Seit um 1980 hat sich eine globale Finanzialisierung entfaltet. Das Wachstum der Nicht-BIP-Finanzen stieg um ein Mehrfaches über das nominale BIP-Wachstum hinaus. Dabei spielten neue IT und Verbriefungsmethoden eine Rolle, mehr noch aber die Ausweit­ung der Geldmengen – erstens die systemisch dominante Giralgeld­erzeugung der Banken, zweitens das Basisgeld der Zentral­banken, mit dem sich die Banken zum Bruchteil refinanzieren, sowie drittens neue Geldsurrogate wie Geldmarktfonds-Anteile, teils auch schon E-Geld und Stable­coins. Das Giralgeldregime der Banken blieb lange der verkannte Faktor hinter der massiven Ausweit­ung der Nicht-BIP-Finanzen und damit einher gehender Probleme.  

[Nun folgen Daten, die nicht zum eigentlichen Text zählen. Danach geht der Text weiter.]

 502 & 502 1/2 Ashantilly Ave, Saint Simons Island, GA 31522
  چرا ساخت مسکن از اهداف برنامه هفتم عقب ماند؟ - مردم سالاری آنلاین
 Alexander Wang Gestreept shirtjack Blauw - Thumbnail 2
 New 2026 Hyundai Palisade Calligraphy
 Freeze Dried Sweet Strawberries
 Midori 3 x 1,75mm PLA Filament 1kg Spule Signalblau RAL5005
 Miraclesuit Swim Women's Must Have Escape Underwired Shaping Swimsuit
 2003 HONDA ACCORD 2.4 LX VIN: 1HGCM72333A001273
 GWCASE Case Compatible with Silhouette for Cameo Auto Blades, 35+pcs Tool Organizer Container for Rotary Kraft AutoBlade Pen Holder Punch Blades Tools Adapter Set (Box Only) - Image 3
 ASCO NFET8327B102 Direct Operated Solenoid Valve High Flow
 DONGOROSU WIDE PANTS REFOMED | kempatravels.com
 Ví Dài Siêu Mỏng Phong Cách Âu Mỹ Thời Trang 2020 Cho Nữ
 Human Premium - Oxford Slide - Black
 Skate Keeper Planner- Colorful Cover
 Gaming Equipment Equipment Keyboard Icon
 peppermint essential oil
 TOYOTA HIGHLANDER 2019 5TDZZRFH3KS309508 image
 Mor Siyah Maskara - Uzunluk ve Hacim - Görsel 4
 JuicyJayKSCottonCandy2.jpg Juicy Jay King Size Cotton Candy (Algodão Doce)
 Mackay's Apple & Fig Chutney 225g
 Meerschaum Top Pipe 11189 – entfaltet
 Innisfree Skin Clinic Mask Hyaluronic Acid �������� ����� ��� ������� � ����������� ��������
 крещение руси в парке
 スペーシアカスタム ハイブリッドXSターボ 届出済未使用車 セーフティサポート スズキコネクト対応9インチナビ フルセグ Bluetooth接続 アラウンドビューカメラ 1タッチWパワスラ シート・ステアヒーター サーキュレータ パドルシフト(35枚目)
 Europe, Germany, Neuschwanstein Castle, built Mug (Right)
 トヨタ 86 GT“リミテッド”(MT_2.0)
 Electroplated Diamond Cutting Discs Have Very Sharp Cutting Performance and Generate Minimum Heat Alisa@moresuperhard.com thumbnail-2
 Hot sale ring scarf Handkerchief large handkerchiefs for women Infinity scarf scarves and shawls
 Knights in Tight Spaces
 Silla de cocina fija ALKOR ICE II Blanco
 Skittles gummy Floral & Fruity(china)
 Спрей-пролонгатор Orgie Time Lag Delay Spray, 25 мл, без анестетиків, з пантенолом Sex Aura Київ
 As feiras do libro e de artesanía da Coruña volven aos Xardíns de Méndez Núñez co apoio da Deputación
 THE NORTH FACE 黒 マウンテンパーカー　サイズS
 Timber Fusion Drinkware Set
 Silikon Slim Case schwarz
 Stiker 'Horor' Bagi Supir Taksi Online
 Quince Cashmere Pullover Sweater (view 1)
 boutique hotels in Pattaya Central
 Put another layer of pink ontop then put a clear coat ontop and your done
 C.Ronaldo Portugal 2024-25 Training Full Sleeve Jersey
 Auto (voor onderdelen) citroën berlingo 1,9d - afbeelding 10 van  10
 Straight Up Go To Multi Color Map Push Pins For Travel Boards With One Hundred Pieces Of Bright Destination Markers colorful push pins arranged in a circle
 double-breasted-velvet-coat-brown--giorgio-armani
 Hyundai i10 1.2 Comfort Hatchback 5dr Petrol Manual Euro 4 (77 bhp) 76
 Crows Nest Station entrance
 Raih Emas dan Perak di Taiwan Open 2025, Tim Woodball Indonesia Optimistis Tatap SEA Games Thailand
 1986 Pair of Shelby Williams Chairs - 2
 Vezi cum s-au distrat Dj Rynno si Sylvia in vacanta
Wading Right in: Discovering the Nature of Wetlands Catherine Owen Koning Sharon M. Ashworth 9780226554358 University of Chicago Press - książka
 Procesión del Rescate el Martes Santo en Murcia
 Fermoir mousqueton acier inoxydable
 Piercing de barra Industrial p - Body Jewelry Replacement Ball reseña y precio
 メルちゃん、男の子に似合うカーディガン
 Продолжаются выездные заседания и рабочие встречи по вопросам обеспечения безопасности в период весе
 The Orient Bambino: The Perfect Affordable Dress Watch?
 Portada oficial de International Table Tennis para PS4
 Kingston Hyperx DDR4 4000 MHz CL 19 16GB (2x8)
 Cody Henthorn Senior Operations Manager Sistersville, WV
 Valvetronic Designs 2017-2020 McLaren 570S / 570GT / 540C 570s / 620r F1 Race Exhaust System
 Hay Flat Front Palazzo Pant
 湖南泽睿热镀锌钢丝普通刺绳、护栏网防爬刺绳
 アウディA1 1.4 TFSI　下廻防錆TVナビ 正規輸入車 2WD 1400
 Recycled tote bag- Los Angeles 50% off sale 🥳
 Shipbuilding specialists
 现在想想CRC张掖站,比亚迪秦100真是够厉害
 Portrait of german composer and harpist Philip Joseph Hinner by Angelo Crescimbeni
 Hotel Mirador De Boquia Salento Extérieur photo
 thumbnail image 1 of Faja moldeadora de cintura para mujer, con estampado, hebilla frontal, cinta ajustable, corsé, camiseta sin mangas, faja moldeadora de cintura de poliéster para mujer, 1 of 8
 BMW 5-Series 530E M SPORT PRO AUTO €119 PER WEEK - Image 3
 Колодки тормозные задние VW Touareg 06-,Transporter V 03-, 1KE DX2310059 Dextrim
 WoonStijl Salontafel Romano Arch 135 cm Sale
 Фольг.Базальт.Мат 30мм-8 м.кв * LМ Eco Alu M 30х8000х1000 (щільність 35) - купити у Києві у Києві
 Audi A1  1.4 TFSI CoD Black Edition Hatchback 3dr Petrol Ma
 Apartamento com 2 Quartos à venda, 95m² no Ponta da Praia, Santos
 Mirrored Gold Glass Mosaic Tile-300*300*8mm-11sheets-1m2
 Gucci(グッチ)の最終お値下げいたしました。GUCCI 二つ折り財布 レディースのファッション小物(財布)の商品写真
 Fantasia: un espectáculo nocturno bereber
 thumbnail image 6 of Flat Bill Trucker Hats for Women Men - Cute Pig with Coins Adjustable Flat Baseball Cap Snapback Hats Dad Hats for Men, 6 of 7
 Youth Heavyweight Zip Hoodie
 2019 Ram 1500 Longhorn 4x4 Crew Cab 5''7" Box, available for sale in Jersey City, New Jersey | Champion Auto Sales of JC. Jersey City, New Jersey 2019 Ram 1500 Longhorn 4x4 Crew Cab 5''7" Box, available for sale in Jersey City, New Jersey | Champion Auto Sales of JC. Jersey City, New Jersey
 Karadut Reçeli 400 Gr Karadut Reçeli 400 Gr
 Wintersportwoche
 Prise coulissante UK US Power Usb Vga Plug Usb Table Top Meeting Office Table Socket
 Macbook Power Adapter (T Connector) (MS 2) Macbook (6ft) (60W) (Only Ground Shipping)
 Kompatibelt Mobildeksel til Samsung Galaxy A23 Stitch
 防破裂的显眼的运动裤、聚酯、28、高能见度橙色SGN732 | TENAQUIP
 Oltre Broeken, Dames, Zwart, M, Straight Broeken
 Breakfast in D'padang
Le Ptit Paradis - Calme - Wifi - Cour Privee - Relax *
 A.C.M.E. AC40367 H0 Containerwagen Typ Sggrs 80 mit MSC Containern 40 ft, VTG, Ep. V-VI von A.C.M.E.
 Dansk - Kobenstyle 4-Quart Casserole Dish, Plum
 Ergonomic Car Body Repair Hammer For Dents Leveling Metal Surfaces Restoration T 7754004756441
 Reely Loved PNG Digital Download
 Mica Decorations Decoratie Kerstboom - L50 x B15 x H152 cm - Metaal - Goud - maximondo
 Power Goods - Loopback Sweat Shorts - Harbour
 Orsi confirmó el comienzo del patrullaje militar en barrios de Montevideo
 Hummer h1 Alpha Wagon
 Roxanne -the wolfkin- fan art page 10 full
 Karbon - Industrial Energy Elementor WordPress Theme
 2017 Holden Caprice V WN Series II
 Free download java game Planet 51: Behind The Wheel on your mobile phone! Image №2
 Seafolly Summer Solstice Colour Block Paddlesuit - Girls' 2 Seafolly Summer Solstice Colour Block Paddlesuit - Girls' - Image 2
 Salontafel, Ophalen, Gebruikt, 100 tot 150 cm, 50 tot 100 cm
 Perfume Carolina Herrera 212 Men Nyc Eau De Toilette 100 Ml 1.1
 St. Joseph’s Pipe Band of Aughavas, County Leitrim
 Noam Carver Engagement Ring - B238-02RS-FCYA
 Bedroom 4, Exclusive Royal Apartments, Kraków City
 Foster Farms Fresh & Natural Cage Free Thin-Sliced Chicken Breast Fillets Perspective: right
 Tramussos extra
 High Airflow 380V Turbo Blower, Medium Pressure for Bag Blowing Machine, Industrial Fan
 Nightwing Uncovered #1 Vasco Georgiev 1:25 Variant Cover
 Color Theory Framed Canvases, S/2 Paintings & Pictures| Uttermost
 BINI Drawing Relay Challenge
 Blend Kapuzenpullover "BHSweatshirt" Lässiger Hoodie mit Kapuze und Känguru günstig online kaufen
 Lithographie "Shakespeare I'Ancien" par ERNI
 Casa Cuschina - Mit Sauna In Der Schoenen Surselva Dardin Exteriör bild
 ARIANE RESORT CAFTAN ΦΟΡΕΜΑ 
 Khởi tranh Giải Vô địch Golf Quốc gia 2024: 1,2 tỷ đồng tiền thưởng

Die stark ausgeweitete Geldverwendung für Nicht-BIP-Finanzen muss nicht zu Lasten der Realwirtschaft gehen, sowenig wie staatliche Geldaufnahme zu Lasten des privaten Sektors (Crowding-out Hypothese). Denn modernes Fiatgeld kann von Banken und Zentral­banken, teils auch Schattenbanken, frei geschaffen werden, zwar unter bestimm­ten Voraus­setzungen und Regeln, im Prinzip gleichwohl in jeder nachgefragten bzw angebotenen Menge.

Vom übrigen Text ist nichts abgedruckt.